We like to call it coconut oil in order to recall its original character from the Philippines.

Coconut oil goes with every cuisine. You can use it to roast, fry, bake and refine your dishes, use it pure and chilled with fruit or put it into your morning coffee for a powerful start of the day.

Some of you might be a bit surprised here. Coffee and coconut oil? Yes! If you have a mild, high-quality coconut oil it will not taste aggressively of coconut but have a pleasant mild, aromatic flavor. In hot coffee the oil tastes almost like cream and supplies additional, long-lasting energy for the day.

Apart from this not so well known usage of coconut oil there are many more ways you can use it.

Coconut oil is one of the best for frying. Be it vegetable stir-fries, fish, hash browns, tofu or a classic wok-dish, it is relatively heat-stable and keeps its valuable ingredients.

You can use it instead of butter for baking, however you need about 10-20% less of it (depending on the recipe), because oil contains no water, whereas butter does. It gives your cakes and pastries a slight coconut aroma.

Coconut oil even tastes good by itself, if it´s cold espescially. You haven´t tried that yet? Just a trace of it on fruit tastes like an ice cream dessert. Furthermore it strengthens your immune system with the lauric acid it contains and also supplies you with long-lasting energy for the day thanks to its medium-chained fatty acids.

 

Coconut oil is perfect for roasting. If you want to use it for deep-frying you should especially make sure you use fresh coconut oil (no multiple use). High temperatures together with the water contained in the foods you want to fry can accelerate the decomposition of the oil. In general, however, fresh coconut oil is quite heat-stable, because of its saturated fatty acid residues and low content of free fatty acids and can be heated to up 190°C.
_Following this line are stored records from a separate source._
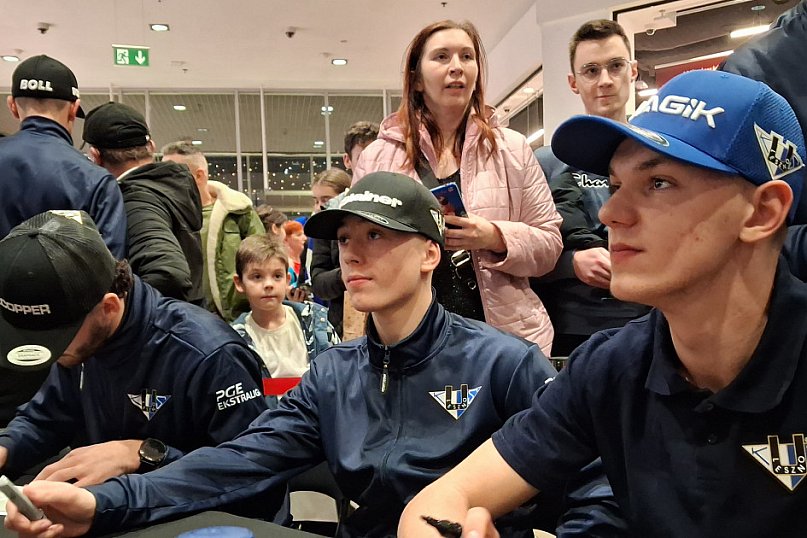 Bycze Mikołajki w Galerii Leszno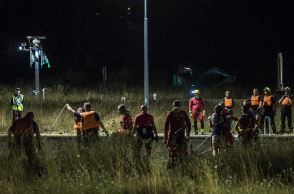 Επιχείρηση απεγκλωβισμού της μπελούγκα από τον Σηκουάνα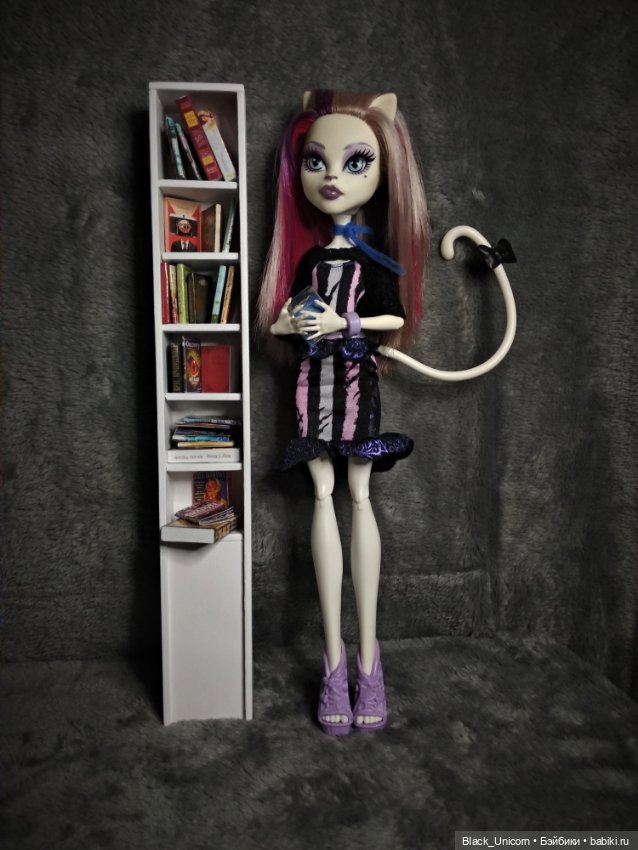 Кровать и книжный шкаф — Мебель для кукол и домиков: фото (фото 6)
YES! Coconut oil has been used for skin and hair care for centuries! It makes your skin glow and the delicate scent of coconut even gives you a summer holiday feeling. Use it as a hair treatment for your dry ends or make an intensive treatment out of it and leave it in overnight. For this purpose warm up the oil (either leave it in a warm place or carefully heat it in a saucepan) and work the oil thoroughly into your hair from top to bottom. Wrap it into a towel overnight and wash it out properly the next morning. Et voilà – shiny hair for a shiny day.

It also has a tried-and-true tradition as a great skin care product.
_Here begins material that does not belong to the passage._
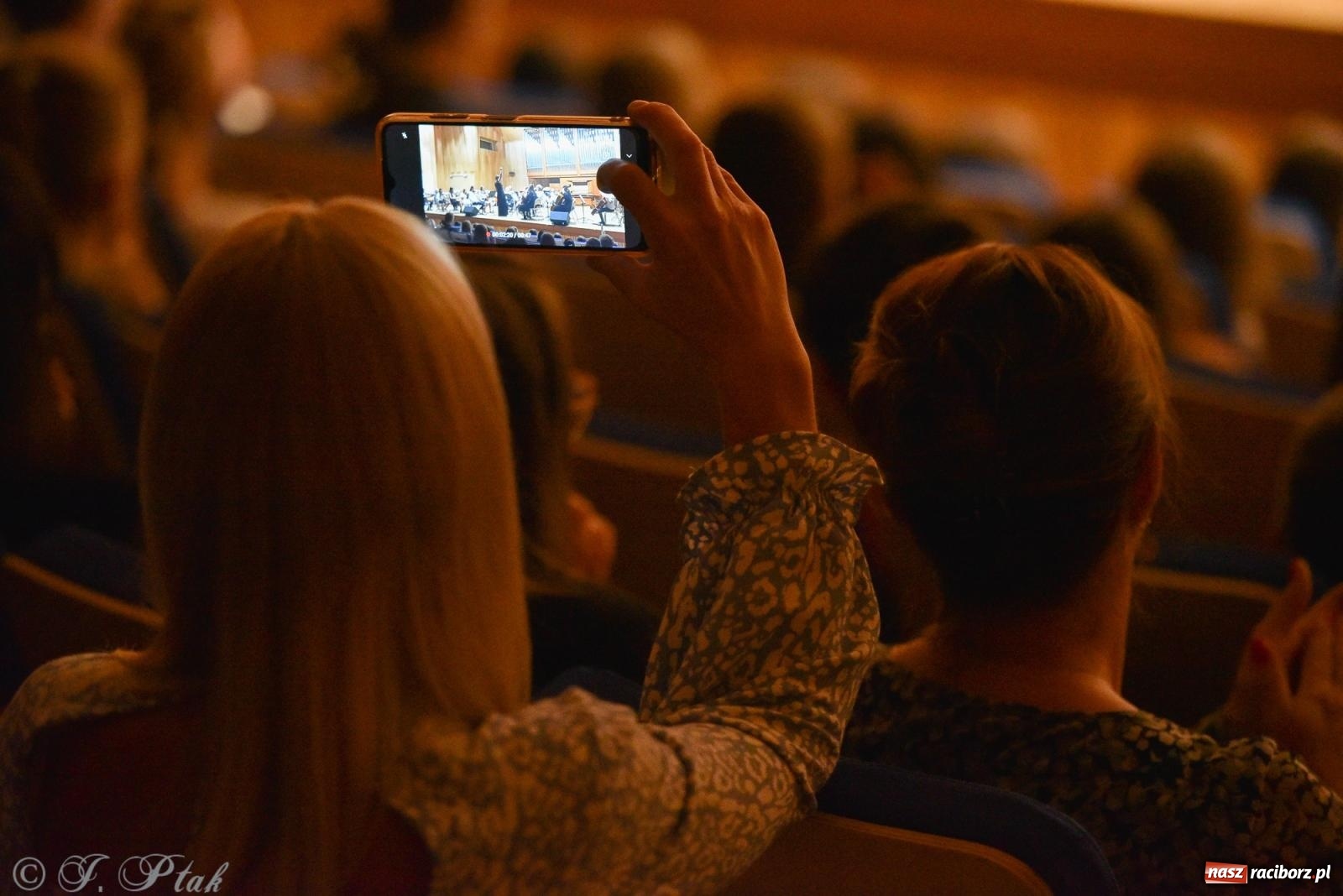 Zdjęcie w galerii na portalu naszraciborz.pl: Koncert Letni w raciborskiej szkole muzycznej wiadomości z regionu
As coconut oil also contains lauric acid that has antibacterial properties it can well be used as a pleasant special care for your private parts.

Did you know?
Coconut oil has a low natural UV protection factor of 3-4 which makes it ideal underneath regular sunscreens.

Especially the short- to medium-chained fatty acid residues of the coconut oil (MCT) are easier and simpler absorbed by our body than long-chained fatty acid residues. After our body has absorbed it, it is quickly distributed to the liver and into the body cells by the blood.

Medium-chained fatty acids have successfully been used by nutritionists for decades when it comes to, e.g. disturbances of lipid digestion. Mostly they use synthetically made coconut or palm kernel oil products (so-called MCT oils) that have a very high content of capric and caprylic acids. Coconut oil consists of about 14% of those two medium-chained fatty acids. There is no definition of medium-chained fatty acids as such. Usually lauric acid that makes up about 50% of the coconut oil is considered as one.

A recent scientific study showed that it does make sense nutritional-wise, because lauric acid is also metabolized differently than long-chained fatty acids.

Thus coconut oil in its natural form supplies around 60-65% first-class fatty acids for a healthy nutritious diet – although the word “fat” may suggest otherwise.

The abbreviation VCO stands for Virgin Coconut Oil, which is a term for high-grade coconut oil. It is won by processing freshly harvested and peeled coconut pulp and gently cold pressing it.